Data released earlier this month showed COVID-19 had done nothing to stop house prices rising. Now there's more evidence property investors will emerge from the pandemic largely unscathed, with rental yields holding up despite a freeze on increases.
The Real Estate Institute of New Zealand's (REINZ) latest Capital Gains and Rental Yields Report, released on Friday, shows only minor drops in yields to investors.
"With the introduction of a six-month rental freeze in March as a result of COVID-19, it's not surprising that yields fell for most parts of the country from a percentage perspective," said REINZ chief executive Bindi Norwell.

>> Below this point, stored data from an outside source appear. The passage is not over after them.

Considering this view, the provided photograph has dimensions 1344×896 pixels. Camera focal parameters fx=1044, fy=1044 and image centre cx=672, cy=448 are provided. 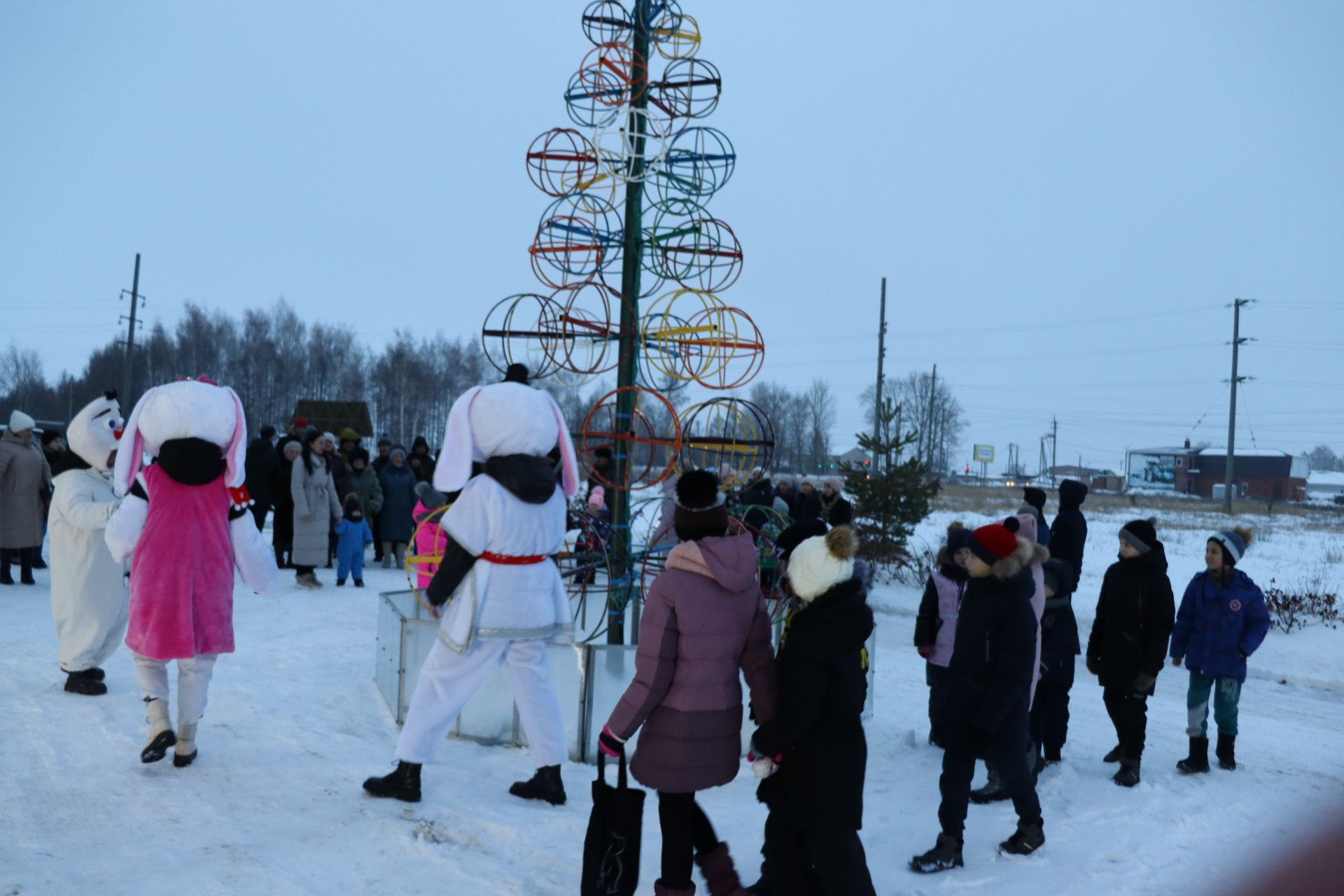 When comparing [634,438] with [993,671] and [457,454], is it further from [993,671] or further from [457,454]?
[993,671]

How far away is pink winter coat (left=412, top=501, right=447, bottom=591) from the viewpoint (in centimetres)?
698

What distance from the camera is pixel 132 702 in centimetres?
610

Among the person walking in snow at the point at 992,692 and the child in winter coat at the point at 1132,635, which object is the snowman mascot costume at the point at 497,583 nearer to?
the person walking in snow at the point at 992,692

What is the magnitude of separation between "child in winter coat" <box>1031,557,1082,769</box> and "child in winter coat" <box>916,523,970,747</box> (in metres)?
0.49

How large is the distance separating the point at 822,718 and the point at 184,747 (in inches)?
127

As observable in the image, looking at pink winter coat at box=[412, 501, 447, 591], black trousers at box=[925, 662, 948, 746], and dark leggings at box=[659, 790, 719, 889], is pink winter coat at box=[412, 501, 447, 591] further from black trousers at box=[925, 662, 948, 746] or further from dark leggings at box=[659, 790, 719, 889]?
black trousers at box=[925, 662, 948, 746]

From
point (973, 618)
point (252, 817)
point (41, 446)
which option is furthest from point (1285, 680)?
point (41, 446)

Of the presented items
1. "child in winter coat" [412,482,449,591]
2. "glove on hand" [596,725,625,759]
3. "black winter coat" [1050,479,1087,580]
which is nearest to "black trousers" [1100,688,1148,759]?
"black winter coat" [1050,479,1087,580]

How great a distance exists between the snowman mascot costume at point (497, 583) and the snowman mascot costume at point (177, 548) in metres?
1.07

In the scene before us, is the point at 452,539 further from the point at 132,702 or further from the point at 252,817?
the point at 132,702

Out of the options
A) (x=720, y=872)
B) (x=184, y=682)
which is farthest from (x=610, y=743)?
(x=184, y=682)

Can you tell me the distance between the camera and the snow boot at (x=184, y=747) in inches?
200

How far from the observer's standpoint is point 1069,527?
896 cm

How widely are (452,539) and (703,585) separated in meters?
1.57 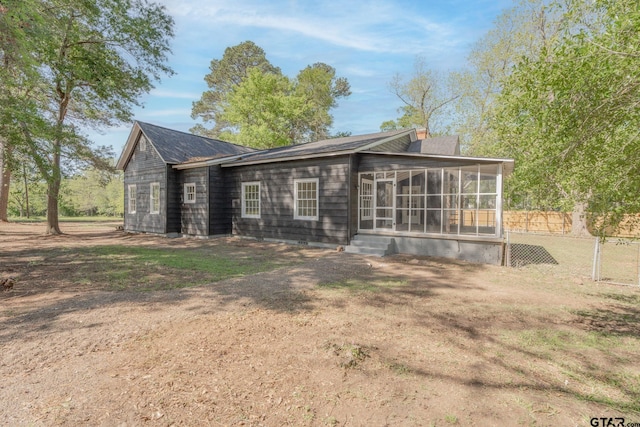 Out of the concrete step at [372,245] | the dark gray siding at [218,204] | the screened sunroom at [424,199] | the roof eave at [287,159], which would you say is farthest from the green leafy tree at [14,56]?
the concrete step at [372,245]

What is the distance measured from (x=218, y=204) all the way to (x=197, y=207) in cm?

"However, none of the falls were particularly dramatic suggesting that initial fears that yields would be significantly impacted by rising unemployment as a result of COVID-19 have been unfounded."
Combined with annual capital gains still in the double-digits for most regions, investors will be breathing a sigh of relief through their face masks.
The best-performing region overall is Southland, with capital gains just shy of 20 percent and rental yields of 4.9 percent - down from 5.5 percent last year.
"For Southland to continue to provide such positive gains for investors on both a capital gains and yield perspective means that the region is really ticking all the boxes from a strategic investment perspective," said Norwell, predicting prices will continue to go up.
"No doubt, the area will continue to remain on investors' radar going forward, particularly now that the 40 percent deposit requirement has been removed with the temporary withdrawal of LVRs and now that some of the major banks are offering investors the same lending terms as owner-occupiers."
West Coast had the best yields - 6.7 percent, down from 7.5 percent - and ranked sixth for capital gains, placing it second-equal overall with Gisborne, which saw prices rise 16.2 percent and yields only down slightly, from 4.9 percent to 4.6 percent.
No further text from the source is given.